[[ Available records open ]]

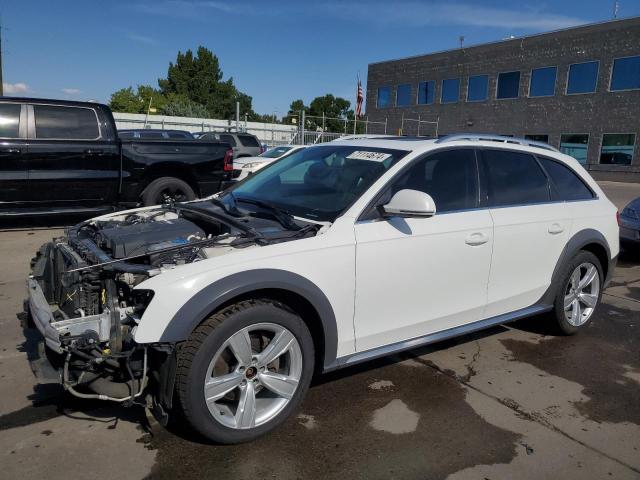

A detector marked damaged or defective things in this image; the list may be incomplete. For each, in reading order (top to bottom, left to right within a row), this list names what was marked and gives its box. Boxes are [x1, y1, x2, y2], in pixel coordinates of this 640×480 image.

front bumper missing [28, 278, 112, 352]
damaged front end [27, 201, 320, 410]
crack in pavement [402, 352, 640, 476]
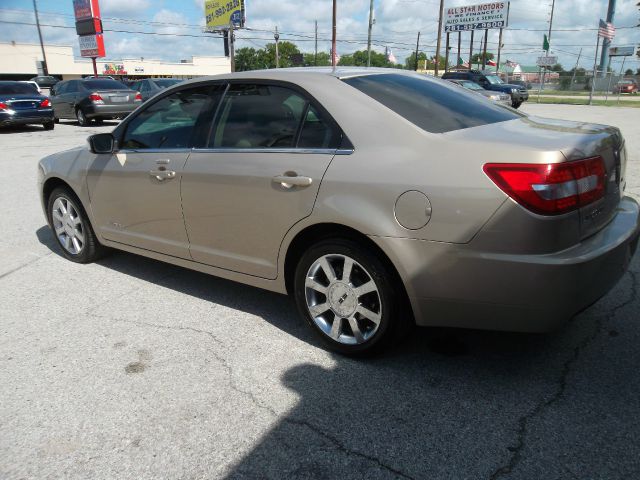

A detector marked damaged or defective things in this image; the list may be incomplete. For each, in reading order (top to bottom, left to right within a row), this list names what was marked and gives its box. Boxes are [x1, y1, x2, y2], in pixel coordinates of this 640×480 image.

crack in pavement [95, 316, 416, 480]
crack in pavement [490, 270, 636, 480]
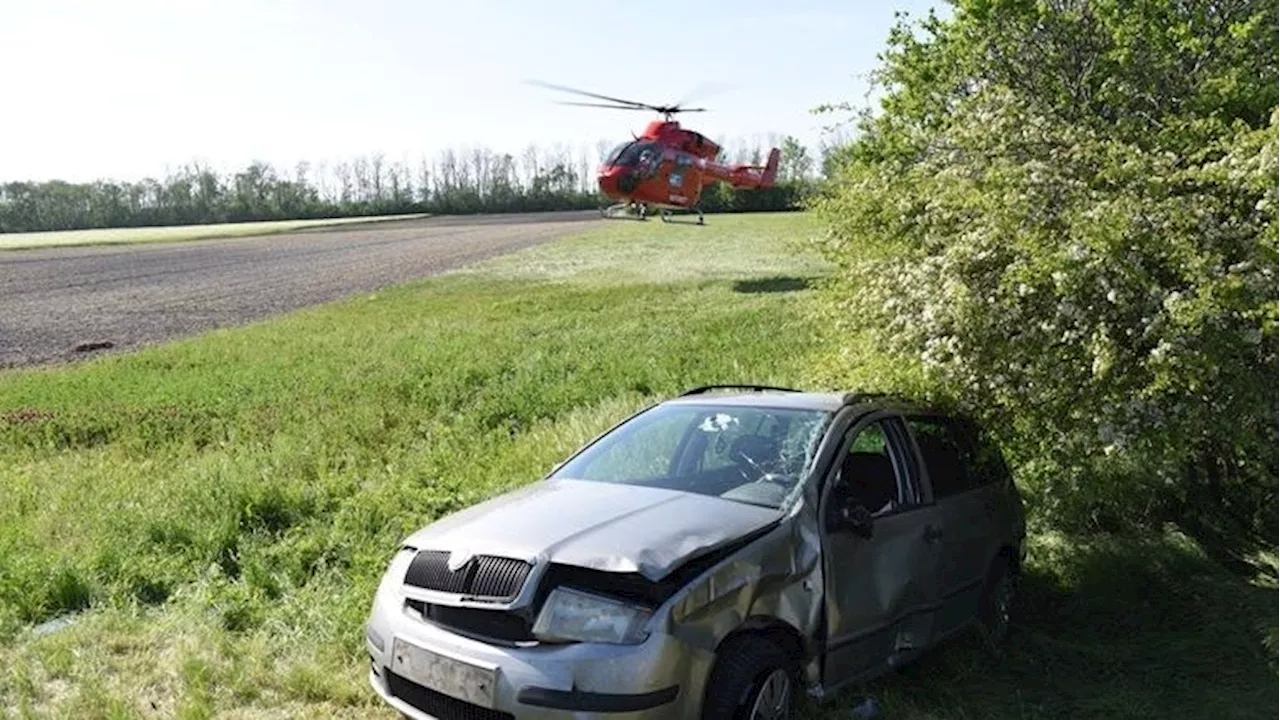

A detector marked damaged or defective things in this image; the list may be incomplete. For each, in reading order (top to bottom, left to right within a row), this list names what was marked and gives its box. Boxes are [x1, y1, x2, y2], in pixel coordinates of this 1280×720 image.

shattered windshield [548, 402, 832, 510]
crumpled car hood [402, 478, 780, 584]
wrecked silver car [362, 386, 1032, 716]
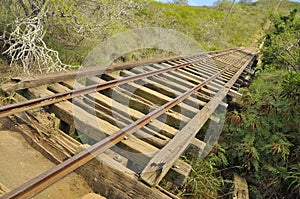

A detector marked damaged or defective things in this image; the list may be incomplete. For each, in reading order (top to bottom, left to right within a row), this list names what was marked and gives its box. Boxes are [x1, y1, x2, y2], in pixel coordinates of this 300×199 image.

rusty steel rail [0, 49, 239, 118]
rusty steel rail [0, 51, 253, 199]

[[ Available records closed ]]

→ Task objective
Wherever an image appears, omit it, and retype everything else in the entries exactly.

→ Response
A detector marked damaged or defective things in this image; the list may be incomplete. For each, in reading order (top to bottom, left to right within a row), this list names what was marked and gives its box. Boxes are [x1, y1, x2, y2], in pixel coordinates of this 640×480 image.

front bumper missing [28, 278, 112, 352]
damaged front end [27, 201, 320, 410]
crack in pavement [402, 352, 640, 476]

A detector marked damaged or defective things in this image; the list may be incomplete. For each, in reading order (top to bottom, left to right within a row), this list names what was marked and gives its box. Boxes are [x1, y1, x2, y2], in pixel coordinates of this 640×480 image.

crack in pavement [95, 316, 416, 480]
crack in pavement [490, 270, 636, 480]

A detector marked damaged or defective things in this image; the list may be incomplete. For each, in reading order (top to bottom, left to right within a row), this list names what was marked and gives its box. Boxes are [x1, y1, x2, y2], in pixel coordinates of this 1280×720 image.

shattered windshield [548, 402, 832, 510]
crumpled car hood [402, 478, 780, 584]
wrecked silver car [362, 386, 1032, 716]

A detector marked damaged or defective things in this image; the list may be incomplete. For each, in reading order (top to bottom, left to right within a row), this list names what was marked and gives its box. Boxes are [x1, y1, x2, y2], in pixel coordinates of this 300×199 image.

rusty steel rail [0, 49, 239, 118]
rusty steel rail [0, 51, 253, 199]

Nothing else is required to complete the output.